Andy Razaf was a philosopher–poet, composer, and prolific musical lyricist of over five hundred songs, comprising some of the greatest hits from the Tin Pan Alley (New York) era. During his professional lifetime, Razaf worked with composers such as Fats Waller, Eubie Blake, Don Redman, James P. Johnson, Willie “the Lion” Smith, and Harry Brooks. In collaboration with Fats Waller, Razaf wrote the lyrics to some landmark American songs: “Ain’t Misbehavin,’” “Honeysuckle Rose,” (What Did I Do to Be So) “Black and Blue,” and “The Joint is Jumpin.’”
Razaf’s father, who died during the French invasion of Madagascar before Razaf’s birth, was Henri Razafkeriefo, a royal prince and nephew of Queen Ranavalona III of Imerina. Razaf’s mother, Jennie Maria (Waller) Razafkeriefo, was the daughter of lawyer John Lewis Waller (no relation to Razaf’s frequent collaborator, Fats Waller), the first African American consul to Madagascar. The French colonization of Madagascar forced his widowed, pregnant, teenaged mother to flee to the United States, where in Washington, D.C. on December 16, 1895, Razaf was born with the Malagasy name of Andreamentania Razafkeriefo.
Razaf attended public schools in Harlem and received some private music lessons as well. Growing up in a family that valued poetry, Razaf began writing verses at the tender age of ten. Razaf’s mother worked as a stenographer, and to help her with finances, Razaf left school at age sixteen.
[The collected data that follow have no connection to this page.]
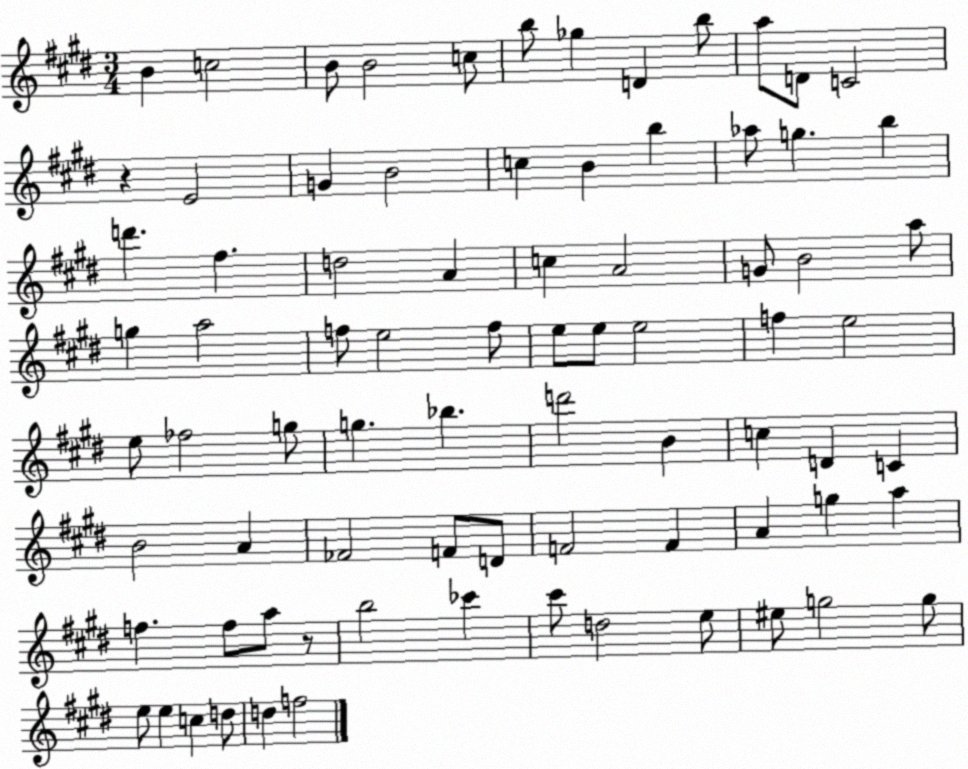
X:1
T:Untitled
M:3/4
L:1/4
K:E
B c2 B/2 B2 c/2 b/2 _g D b/2 a/2 D/2 C2 z E2 G B2 c B b _a/2 g b d' ^f d2 A c A2 G/2 B2 a/2 g a2 f/2 e2 f/2 e/2 e/2 e2 f e2 e/2 _f2 g/2 g _b d'2 B c D C B2 A _F2 F/2 D/2 F2 F A g a f f/2 a/2 z/2 b2 _c' ^c'/2 d2 e/2 ^e/2 g2 g/2 e/2 e c d/2 d f2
Not long after getting a job as an elevator operator at a Tin Pan Alley office building, Razaf, at age seventeen, sold his first professional song, “Baltimo.” Razaf’s early poems (in 1917 and 1918) were published in The Voice, the first New Negro Movement newspaper, edited by Harlem radical Hubert Henry Harrison. By the early 1920s, Razaf was an editor of Negro World, the official newspaper of Marcus Garvey’s Universal Negro Improvement Association, which at the time had the largest circulation of any black newspaper in the world.
During the 1920s and 1930s, Razaf was galvanized to write about racial injustice in America. Music critic and record producer John Henry Hammond II regarded “Black and Blue,” featured in the 1929 Broadway show, Hot Chocolates, to be the first landmark song of racial protest. Razaf had also worked on the original Broadway productions of Keep Shufflin’ in 1928 and Blackbirds of 1930.
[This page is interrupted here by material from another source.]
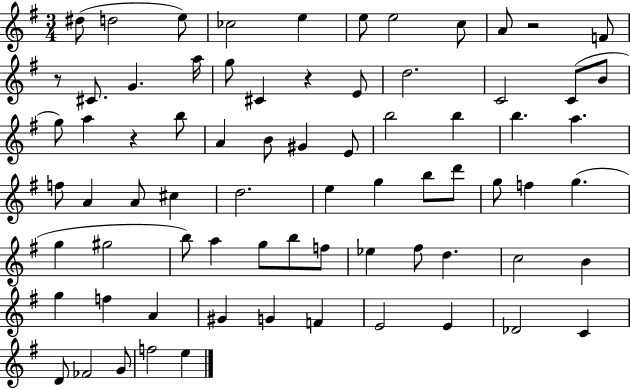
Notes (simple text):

D#5/e D5/h E5/e CES5/h E5/q E5/e E5/h C5/e A4/e R/h F4/e R/e C#4/e. G4/q. A5/s G5/e C#4/q R/q E4/e D5/h. C4/h C4/e B4/e G5/e A5/q R/q B5/e A4/q B4/e G#4/q E4/e B5/h B5/q B5/q. A5/q. F5/e A4/q A4/e C#5/q D5/h. E5/q G5/q B5/e D6/e G5/e F5/q G5/q. G5/q G#5/h B5/e A5/q G5/e B5/e F5/e Eb5/q F#5/e D5/q. C5/h B4/q G5/q F5/q A4/q G#4/q G4/q F4/q E4/h E4/q Db4/h C4/q D4/e FES4/h G4/e F5/h E5/q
“Honeysuckle Rose” was featured in the 1940 movie Tin Pan Alley. While Fats Waller and Razaf were credited for their hit at the end of the movie, in the actual film, white actors were shown writing the song’s music and verse.
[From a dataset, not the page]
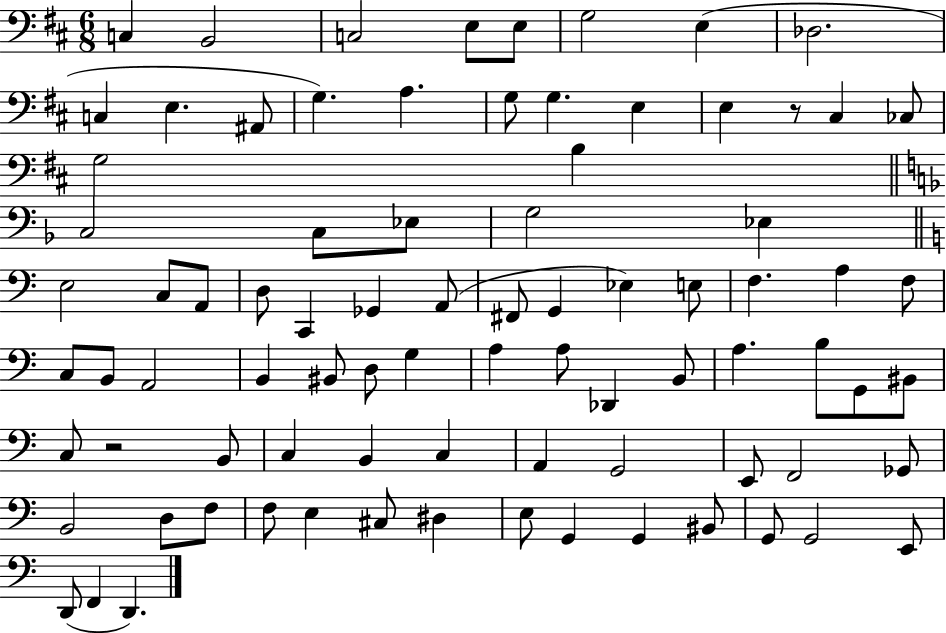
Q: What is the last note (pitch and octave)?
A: D2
In 1951 Razaf suffered a stroke that enervated him for the rest of his life, although he continued to write lyrics, and also occasional columns for social protest publications and black newspapers. Razaf never stopped working for liberal causes.
Razaf married and divorced several times. At age sixty-seven, he married for the fourth time, successfully that time.
In 1972 Razaf was honored by his Tin Pan Alley peers in the Songwriters Hall of Fame. He did not live long enough to see how his lyric talent was instrumental in the success of several Broadway hits that paid tribute to early twentieth century black musicians: Bubbling Brown Sugar (1976), Ain’t Misbehavin’ (1978), Eubie (1979), and Black and Blue (1989). Bobby Short championed Razaf’s work in a 1988 Atlantic label album entitled Guess Who’s in Town – Bobby Short Performs the Songs of Andy Razaf. In 2001 the Recording Industry Association of America (RIAA) selected Ain’t Misbehavin’ as one of 365 Songs of the Century.
On February 3, 1973, Andy Razaf died of kidney failure at Riverside Hospital in North Hollywood, California. He was 77.